The books helped lead to Ms. Ray's "Today" show appearance and the Food Network deal.
Those programs caught the attention of Jon Rosen, of the William Morris Agency, who signed up Ms. Ray. He urged her to jump to Clarkson Potter, a much bigger house that wanted to not only sign Ms. Ray but also to buy the titles she had done with Lake Isle Press.
Ms. Ray struck a compromise with Ms. Kiiffner. She would leave Ms. Kiiffner, but would let her keep control of the nine titles they did together. The two women split the profits.
"When it's your baby and you've sort of nurtured it from the beginning, of course it's painful," Ms. Kiiffner said. "We both acknowledged that our friendship and personal relationship were more important." Still, Ms. Ray keeps herself surrounded by people who feel to her like family. Her makeup person has become one of her closest pals. Her public relations person, Rebecca Brooks, is married to an old college friend of her agent. Her experience has largely been in the hair and makeup industry.

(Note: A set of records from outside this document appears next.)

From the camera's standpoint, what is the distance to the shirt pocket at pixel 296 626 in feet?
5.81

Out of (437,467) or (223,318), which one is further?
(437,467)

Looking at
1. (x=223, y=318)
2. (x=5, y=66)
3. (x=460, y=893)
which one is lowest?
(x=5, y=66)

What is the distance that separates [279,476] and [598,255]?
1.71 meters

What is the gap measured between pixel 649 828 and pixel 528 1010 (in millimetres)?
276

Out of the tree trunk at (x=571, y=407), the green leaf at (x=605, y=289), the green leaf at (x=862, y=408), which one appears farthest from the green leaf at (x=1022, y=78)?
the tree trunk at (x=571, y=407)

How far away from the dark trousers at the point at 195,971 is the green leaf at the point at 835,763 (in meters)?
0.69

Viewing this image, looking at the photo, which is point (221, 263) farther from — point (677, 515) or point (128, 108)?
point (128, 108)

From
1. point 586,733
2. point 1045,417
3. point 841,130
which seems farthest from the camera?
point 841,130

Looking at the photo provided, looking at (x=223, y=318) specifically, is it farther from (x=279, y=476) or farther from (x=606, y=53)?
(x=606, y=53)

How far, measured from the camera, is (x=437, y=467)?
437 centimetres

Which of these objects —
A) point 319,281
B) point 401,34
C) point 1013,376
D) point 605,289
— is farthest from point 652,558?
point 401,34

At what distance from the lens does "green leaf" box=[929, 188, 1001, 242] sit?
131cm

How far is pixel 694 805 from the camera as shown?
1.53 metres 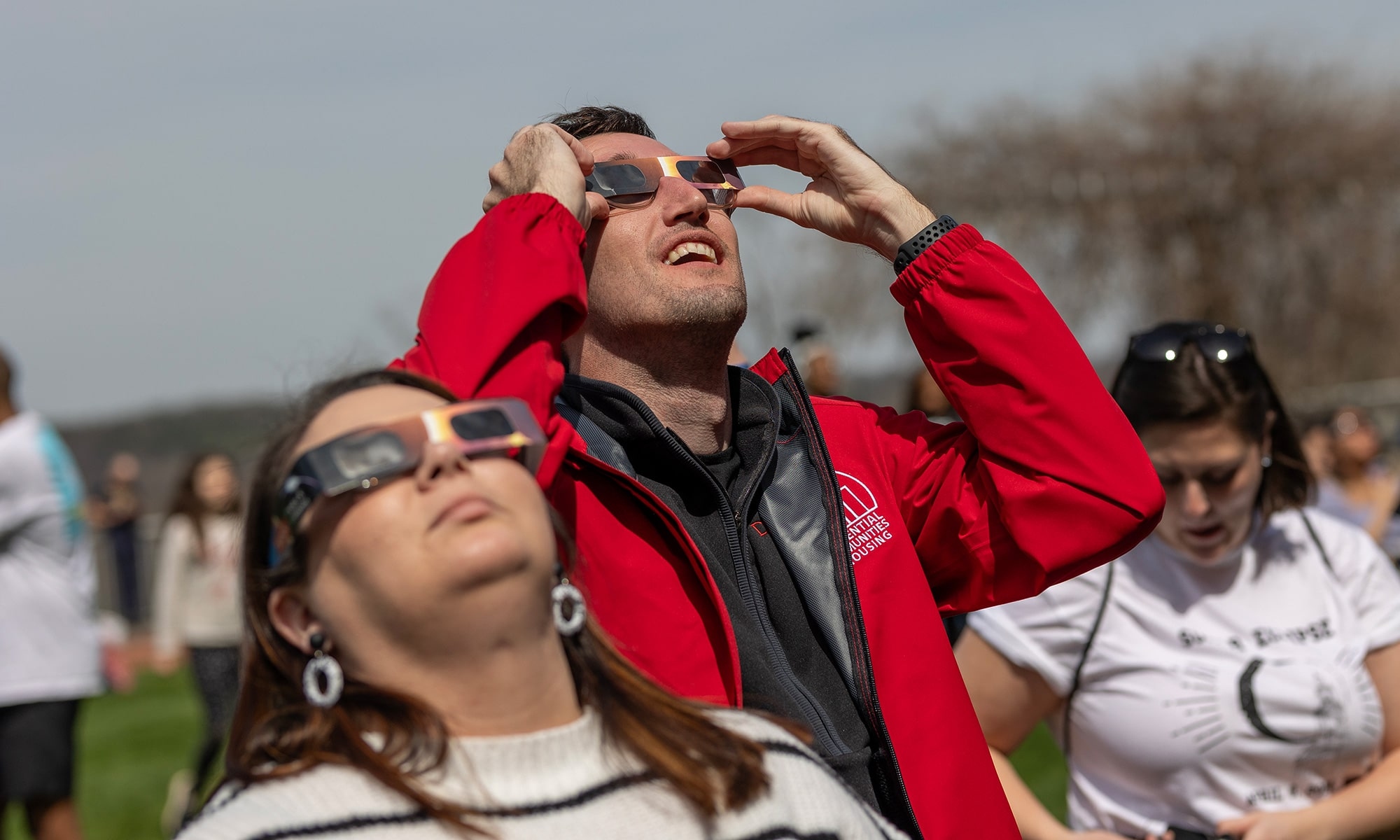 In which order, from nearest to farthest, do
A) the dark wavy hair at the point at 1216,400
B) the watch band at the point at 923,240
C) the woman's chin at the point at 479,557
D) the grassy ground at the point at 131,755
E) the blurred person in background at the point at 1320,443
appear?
1. the woman's chin at the point at 479,557
2. the watch band at the point at 923,240
3. the dark wavy hair at the point at 1216,400
4. the grassy ground at the point at 131,755
5. the blurred person in background at the point at 1320,443

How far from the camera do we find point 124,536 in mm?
18672

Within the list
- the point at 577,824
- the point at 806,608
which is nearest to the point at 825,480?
the point at 806,608

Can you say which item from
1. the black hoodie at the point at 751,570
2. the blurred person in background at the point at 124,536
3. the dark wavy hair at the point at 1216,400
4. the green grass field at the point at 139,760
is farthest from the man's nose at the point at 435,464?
the blurred person in background at the point at 124,536

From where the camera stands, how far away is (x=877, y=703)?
7.89ft

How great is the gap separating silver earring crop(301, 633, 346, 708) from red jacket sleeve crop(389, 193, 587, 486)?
468 millimetres

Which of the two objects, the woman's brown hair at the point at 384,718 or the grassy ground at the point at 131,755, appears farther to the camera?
the grassy ground at the point at 131,755

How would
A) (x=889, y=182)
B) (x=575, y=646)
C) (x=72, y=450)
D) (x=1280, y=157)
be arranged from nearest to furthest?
(x=575, y=646), (x=889, y=182), (x=1280, y=157), (x=72, y=450)

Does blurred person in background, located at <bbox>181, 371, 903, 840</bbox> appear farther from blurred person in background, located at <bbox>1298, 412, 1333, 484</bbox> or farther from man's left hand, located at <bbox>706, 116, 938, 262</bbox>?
blurred person in background, located at <bbox>1298, 412, 1333, 484</bbox>

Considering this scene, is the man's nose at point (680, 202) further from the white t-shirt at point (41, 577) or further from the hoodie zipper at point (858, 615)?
the white t-shirt at point (41, 577)

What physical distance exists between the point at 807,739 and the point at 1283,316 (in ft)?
70.7

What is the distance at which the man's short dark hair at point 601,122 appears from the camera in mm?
3051

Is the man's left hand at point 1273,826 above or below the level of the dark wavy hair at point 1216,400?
below

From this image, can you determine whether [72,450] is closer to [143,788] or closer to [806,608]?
[143,788]

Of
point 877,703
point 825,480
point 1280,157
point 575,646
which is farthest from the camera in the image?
point 1280,157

But sentiment goes only so far. This summer, when she was assembling the first edition of her magazine for the Reader's Digest Association, Ms. Ray said, she and the original editor, Kitty Morgan, disagreed on too many things. So Ms. Morgan, who agrees with Ms. Ray's assessment and has moved on to Latina magazine, was replaced by the food editor, Silvana Nardone, whom Ms. Ray says she adores.

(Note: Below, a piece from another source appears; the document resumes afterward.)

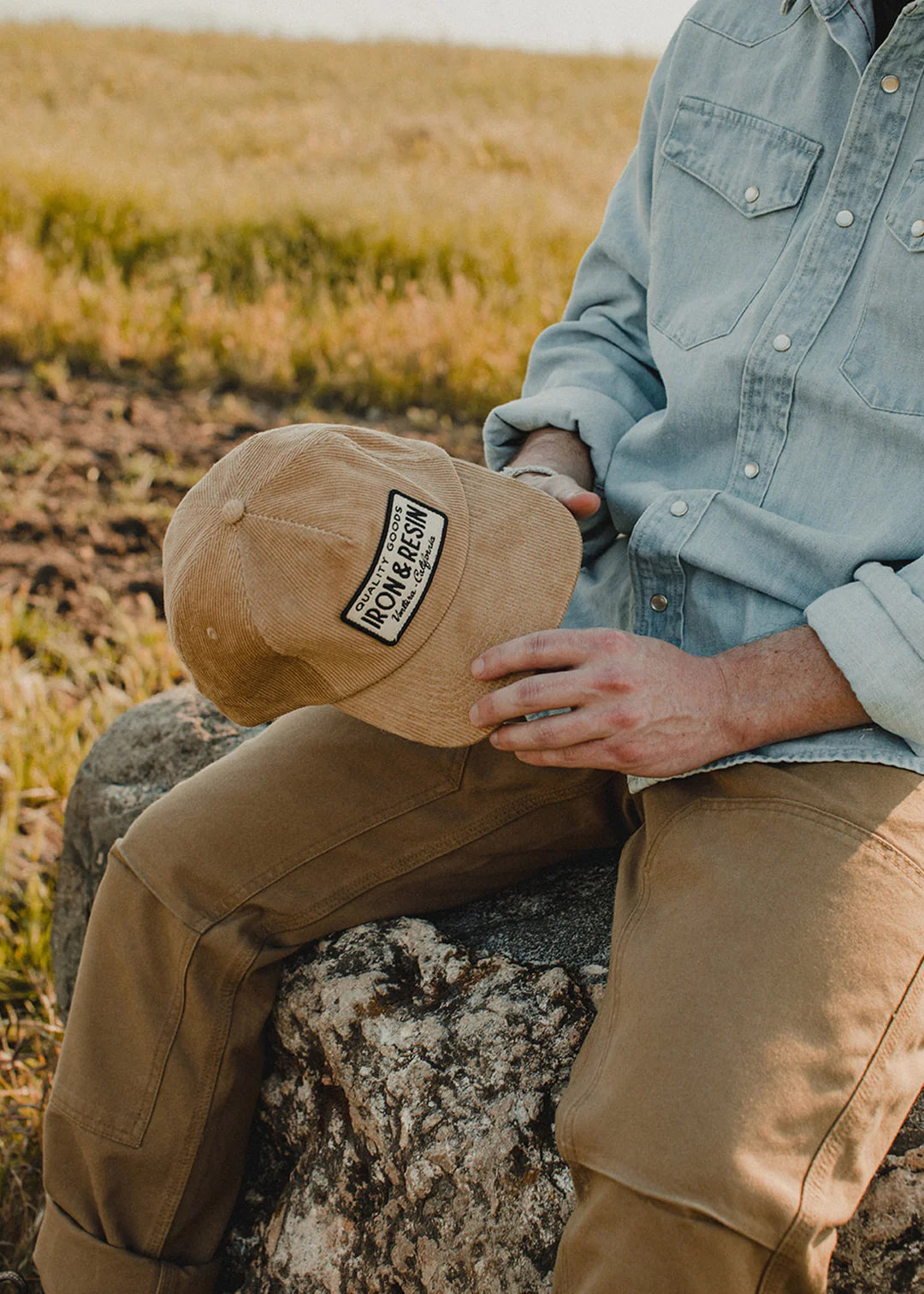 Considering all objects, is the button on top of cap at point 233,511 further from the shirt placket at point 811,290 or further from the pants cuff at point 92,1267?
the pants cuff at point 92,1267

"She's opportunistic, but not in a planned way," said Ms. Dullaghan of Sur La Table. "I don't think she'll sell her soul to the devil, but I think she sees opportunity and goes for it."
Lucy Sisman, the magazine's original design director, who got caught up in the churn at the top but left on good terms, said she admires Ms. Ray. But Ms. Sisman and some media executives question whether Ms. Ray's freewheeling approach and near disregard for brand building can sustain a magazine and a national talk show.
"The only thing that seemed worrisome is that Rachael wanted a magazine of basically everything she thought was great," Ms. Sisman said.
That means a section on cooking for dogs, a spread on her wedding and a peek inside Whoopi Goldberg's refrigerator. For her new talk show, Ms. Ray hopes to incorporate a little game she and her girlfriends invented during her bachelorette party in Nova Scotia. It's called interpretive dance charades.
The bigger issue may be whether Ms. Ray can keep up with the life she has created. She still maps out her own schedule in freehand in a small notebook. She still finds it hard to say no, and doesn't quite seem to understand how big she has become.
"This thing took on a life of its own," she said. "It's my job to keep working because now there is this thing that people depend on."
To make it work, she intends to keep doing what she has always done: show up, work hard and listen to her mother.
"My life came out way better without me planning it," she said.